● To do:
Copy out the entries that follow exactly, leaving out the pictures.

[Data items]
--------

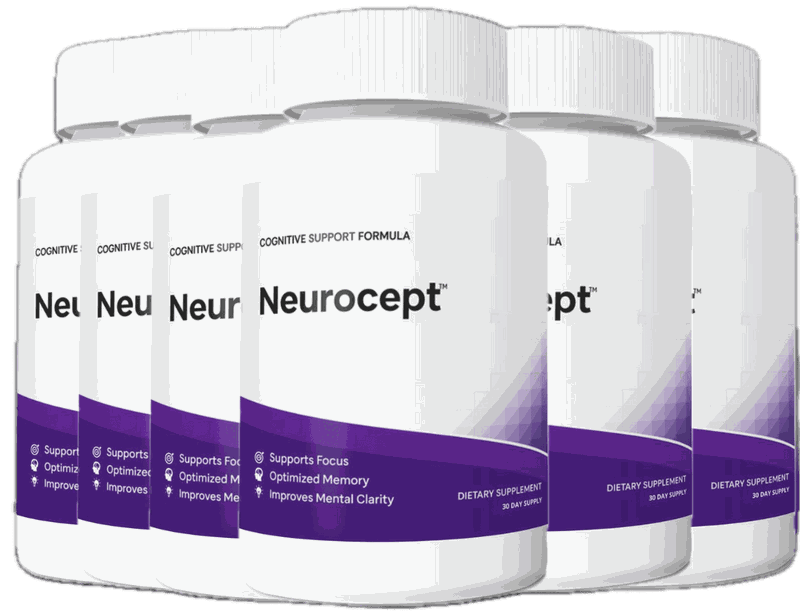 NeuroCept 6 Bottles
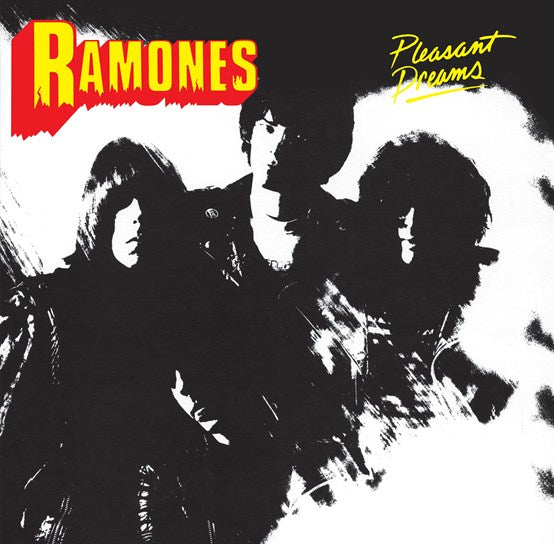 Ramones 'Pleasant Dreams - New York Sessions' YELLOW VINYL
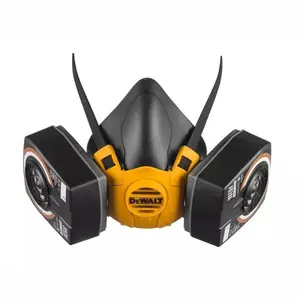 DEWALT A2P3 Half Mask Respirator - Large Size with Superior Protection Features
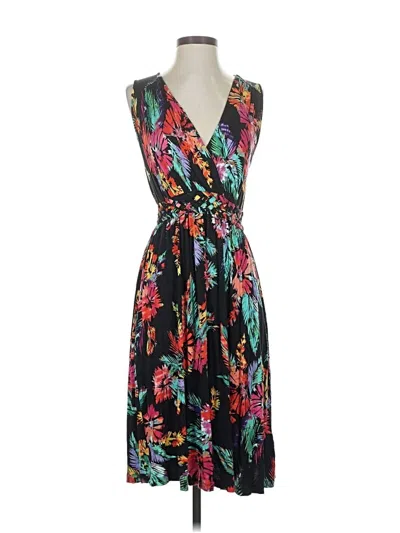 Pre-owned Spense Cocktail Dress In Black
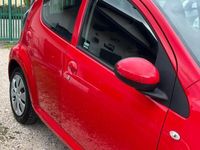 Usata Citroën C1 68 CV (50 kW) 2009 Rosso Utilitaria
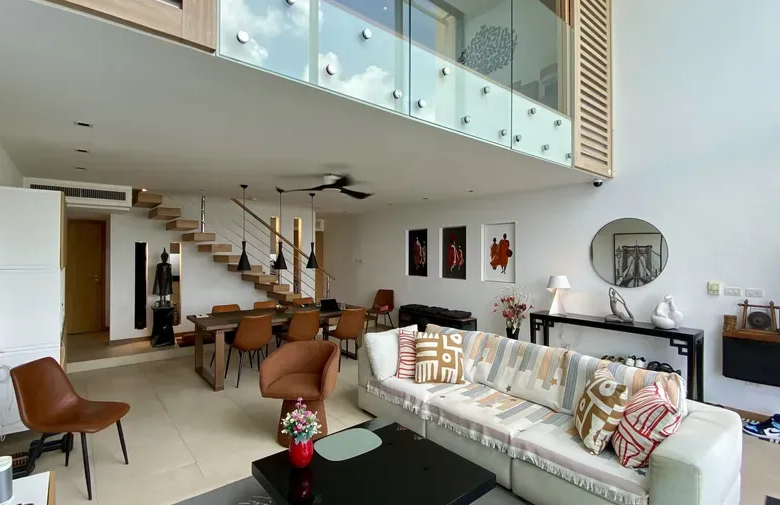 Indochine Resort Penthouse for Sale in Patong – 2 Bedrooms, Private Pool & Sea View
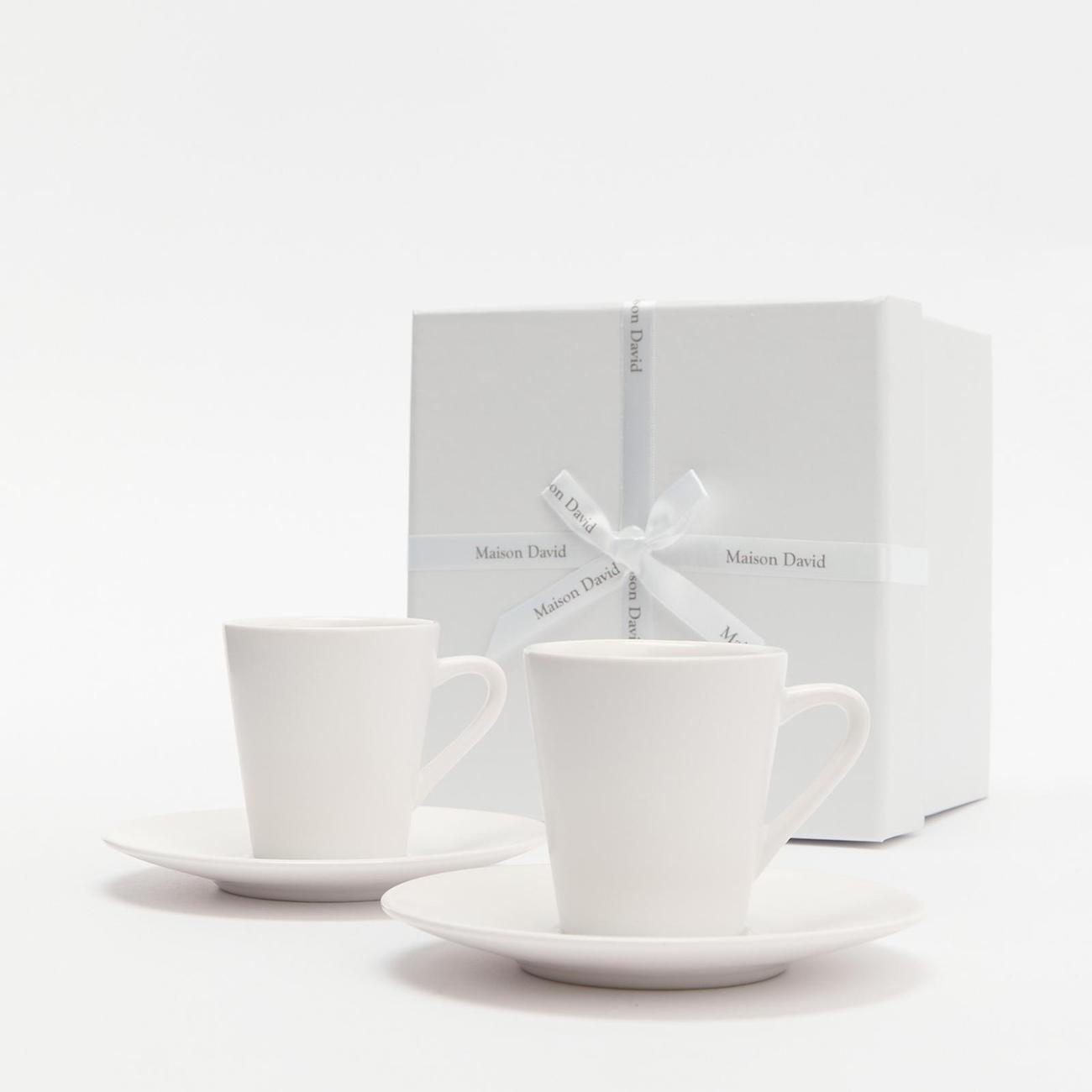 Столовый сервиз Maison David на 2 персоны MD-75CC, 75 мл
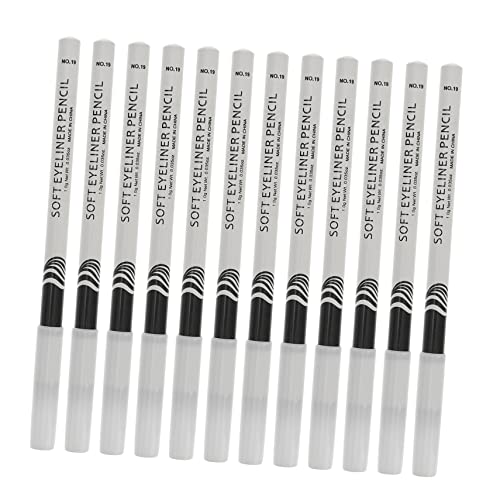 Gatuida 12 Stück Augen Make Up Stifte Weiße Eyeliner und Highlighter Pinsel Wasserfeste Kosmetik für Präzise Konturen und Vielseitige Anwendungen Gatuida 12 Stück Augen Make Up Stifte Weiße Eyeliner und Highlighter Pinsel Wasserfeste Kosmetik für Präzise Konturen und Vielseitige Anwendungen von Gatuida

--------

● Response area:
 NeuroCept 6 Bottles
 Ramones 'Pleasant Dreams - New York Sessions' YELLOW VINYL
 DEWALT A2P3 Half Mask Respirator - Large Size with Superior Protection Features
 Pre-owned Spense Cocktail Dress In Black
 Usata Citroën C1 68 CV (50 kW) 2009 Rosso Utilitaria
 Indochine Resort Penthouse for Sale in Patong – 2 Bedrooms, Private Pool & Sea View
 Столовый сервиз Maison David на 2 персоны MD-75CC, 75 мл
 Gatuida 12 Stück Augen Make Up Stifte Weiße Eyeliner und Highlighter Pinsel Wasserfeste Kosmetik für Präzise Konturen und Vielseitige Anwendungen Gatuida 12 Stück Augen Make Up Stifte Weiße Eyeliner und Highlighter Pinsel Wasserfeste Kosmetik für Präzise Konturen und Vielseitige Anwendungen von Gatuida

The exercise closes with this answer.